* **Task directions**
Set down the data again exactly. Pictures are not part of the copy.

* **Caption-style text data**
= Beginning of Section =

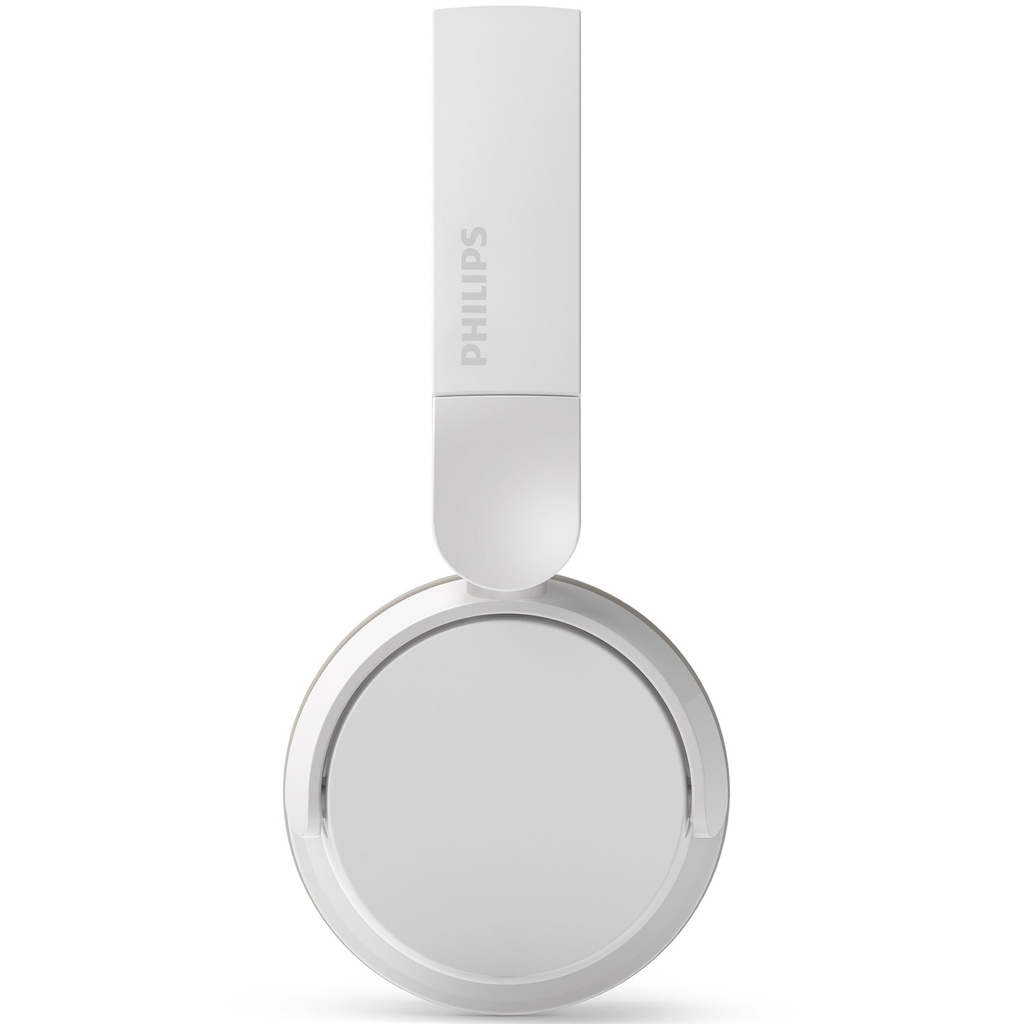 Hörlurar On-Ear Lätt-vikt 25h TAH3209WT/00 Vita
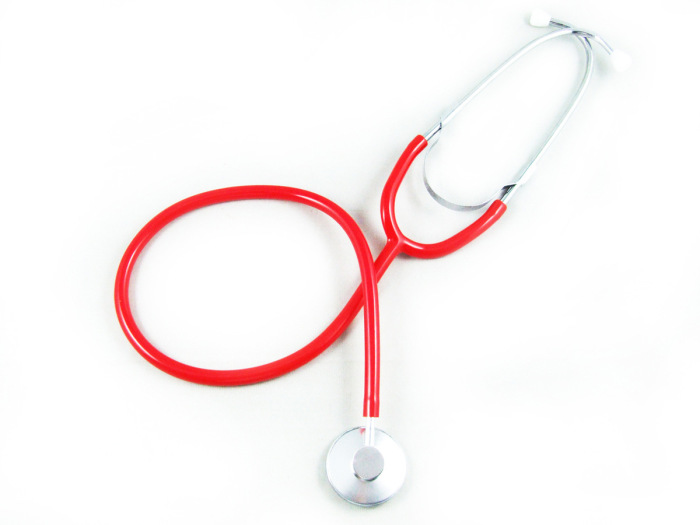 Economic Stethoscope Aluminum Alloy Single Head Stethoscope Medical Instrument Economic Stethoscope Aluminum Alloy Single Head Stethoscope Medical Instrument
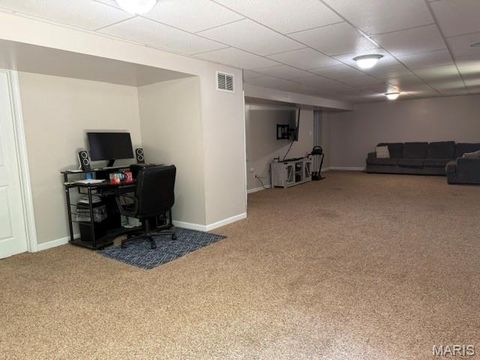 Tiny photo for 728 Santschi Drive, Herculaneum, MO 63048 (MLS # 26029486)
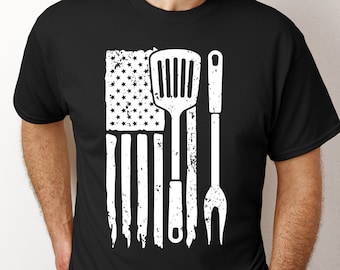 Barbecue américain SVG PNG tablier de barbecue png barbecue svg png papa svg papa png, fête des pères svg png fichier coupé pour fichier Cricut sublimation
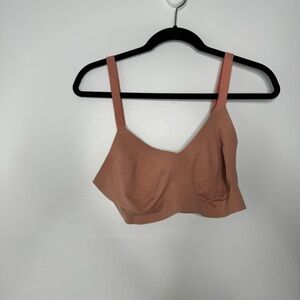Knix Seamless v neck Bra 6+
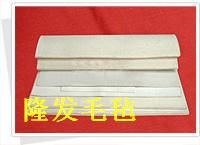 过滤毛毡，密封毛毡，彩色羊毛毡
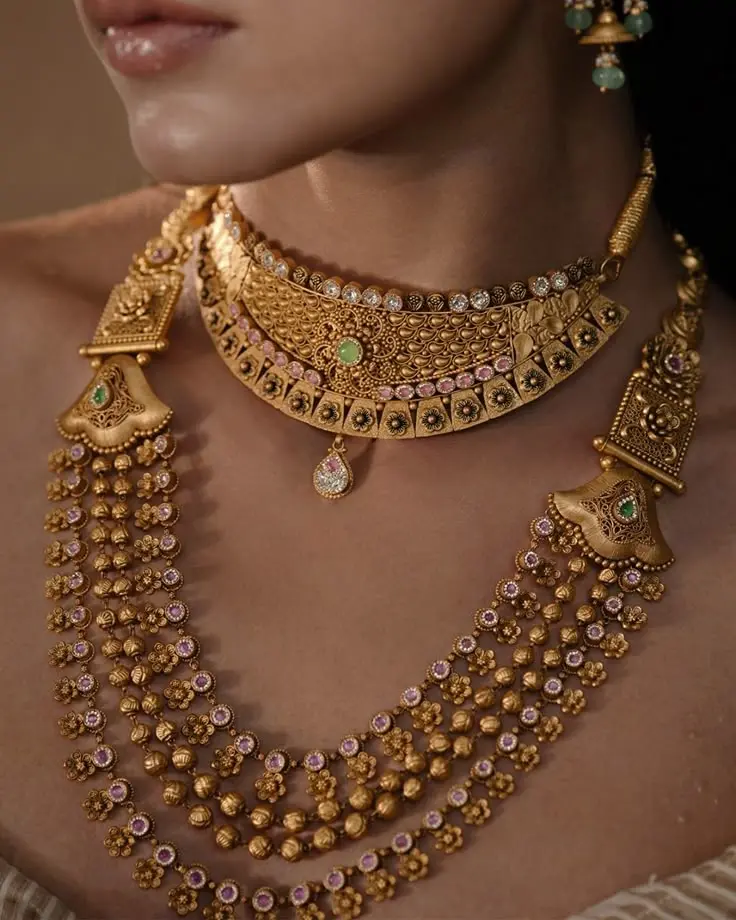 بررسی نمونه سهبعدی جواهر طراحی شده با هوش مصنوعی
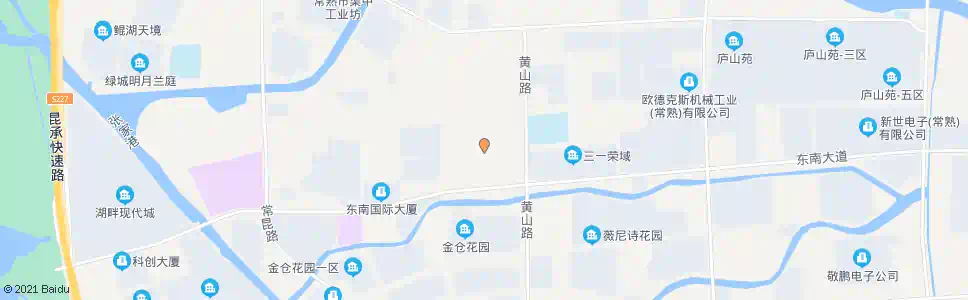 苏州职教中心(东南大道)_公交站地图_苏州公交_妙搜公交查询2025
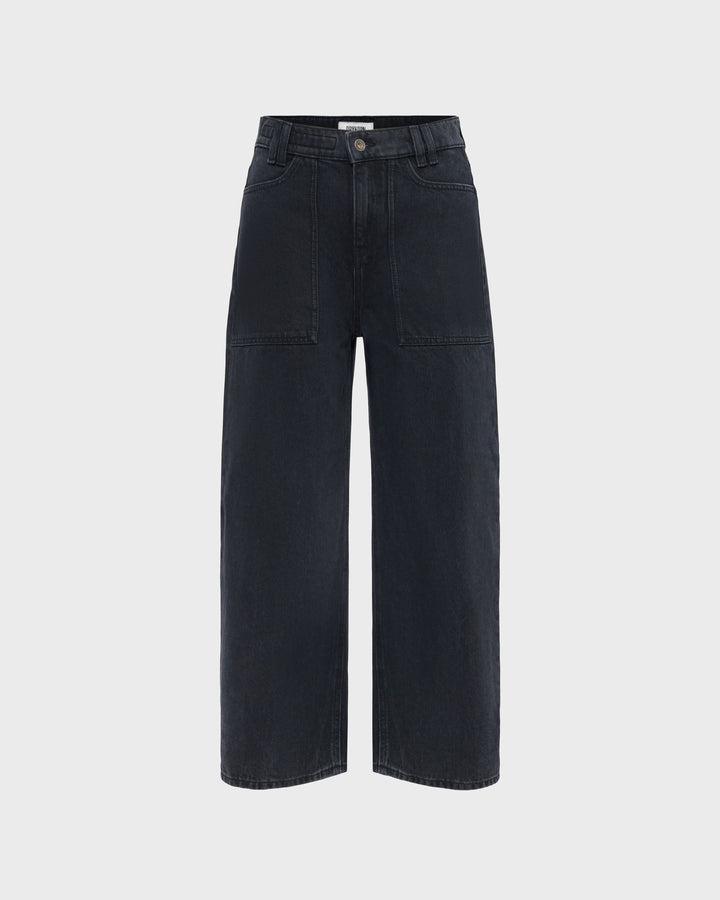 DRYKORN Hose Derive Black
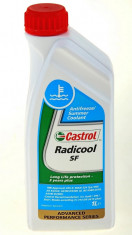 Antigel fara silicati 1L, Castrol Radicool SF foto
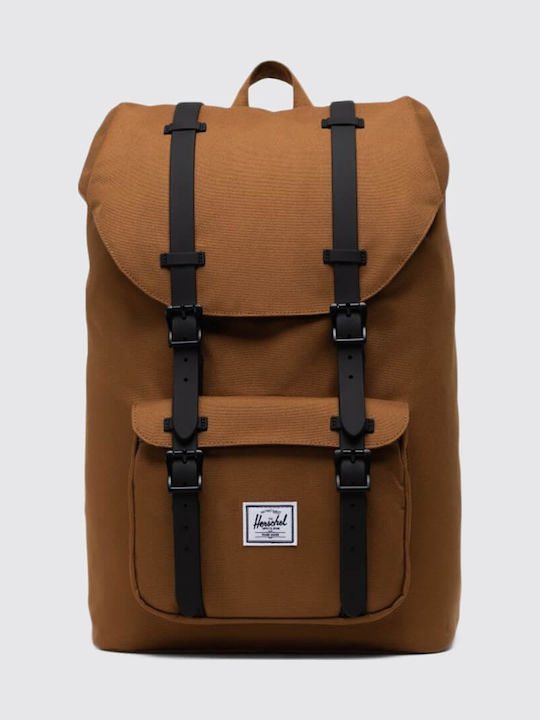 Herschel Little America Mid-Volume 17lt Tabac Brown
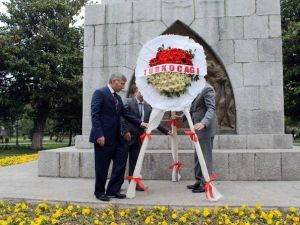 Samsun’da Türkçülük Günü Kutlamaları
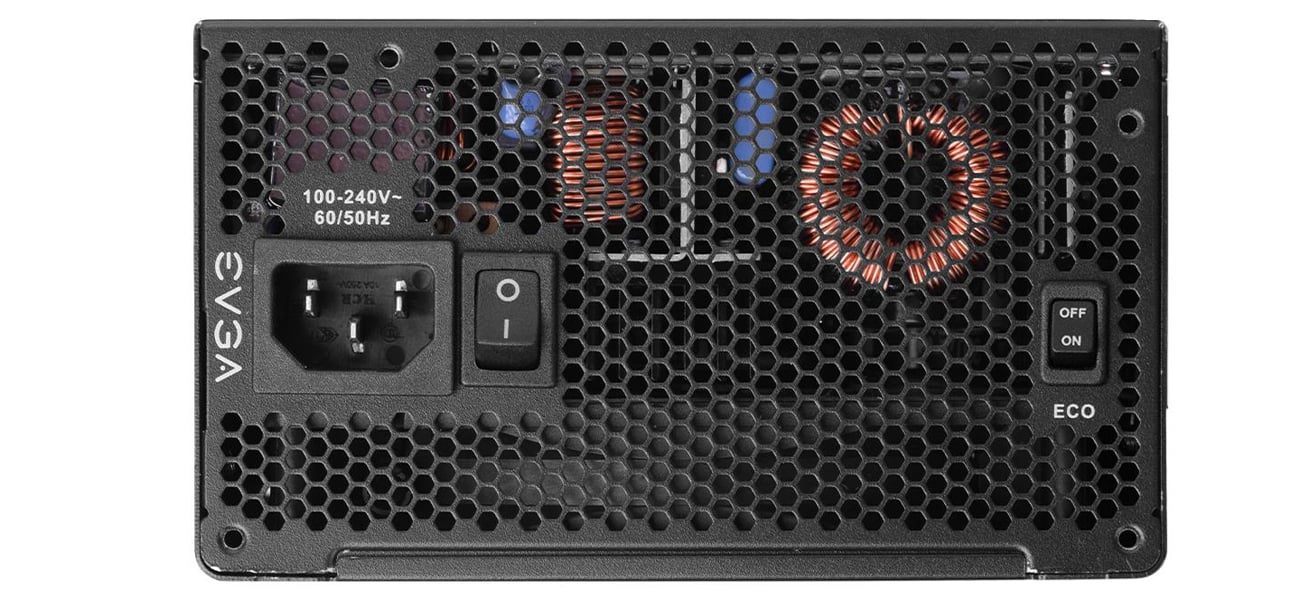 EVGA SuperNOVA G6 1000W złącze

= End of Section =

* **Exercise response**
 Hörlurar On-Ear Lätt-vikt 25h TAH3209WT/00 Vita
 Economic Stethoscope Aluminum Alloy Single Head Stethoscope Medical Instrument Economic Stethoscope Aluminum Alloy Single Head Stethoscope Medical Instrument
 Tiny photo for 728 Santschi Drive, Herculaneum, MO 63048 (MLS # 26029486)
 Barbecue américain SVG PNG tablier de barbecue png barbecue svg png papa svg papa png, fête des pères svg png fichier coupé pour fichier Cricut sublimation
Knix Seamless v neck Bra 6+
 过滤毛毡，密封毛毡，彩色羊毛毡
 بررسی نمونه سهبعدی جواهر طراحی شده با هوش مصنوعی
 苏州职教中心(东南大道)_公交站地图_苏州公交_妙搜公交查询2025
 DRYKORN Hose Derive Black
 Antigel fara silicati 1L, Castrol Radicool SF foto
 Herschel Little America Mid-Volume 17lt Tabac Brown
 Samsun’da Türkçülük Günü Kutlamaları
 EVGA SuperNOVA G6 1000W złącze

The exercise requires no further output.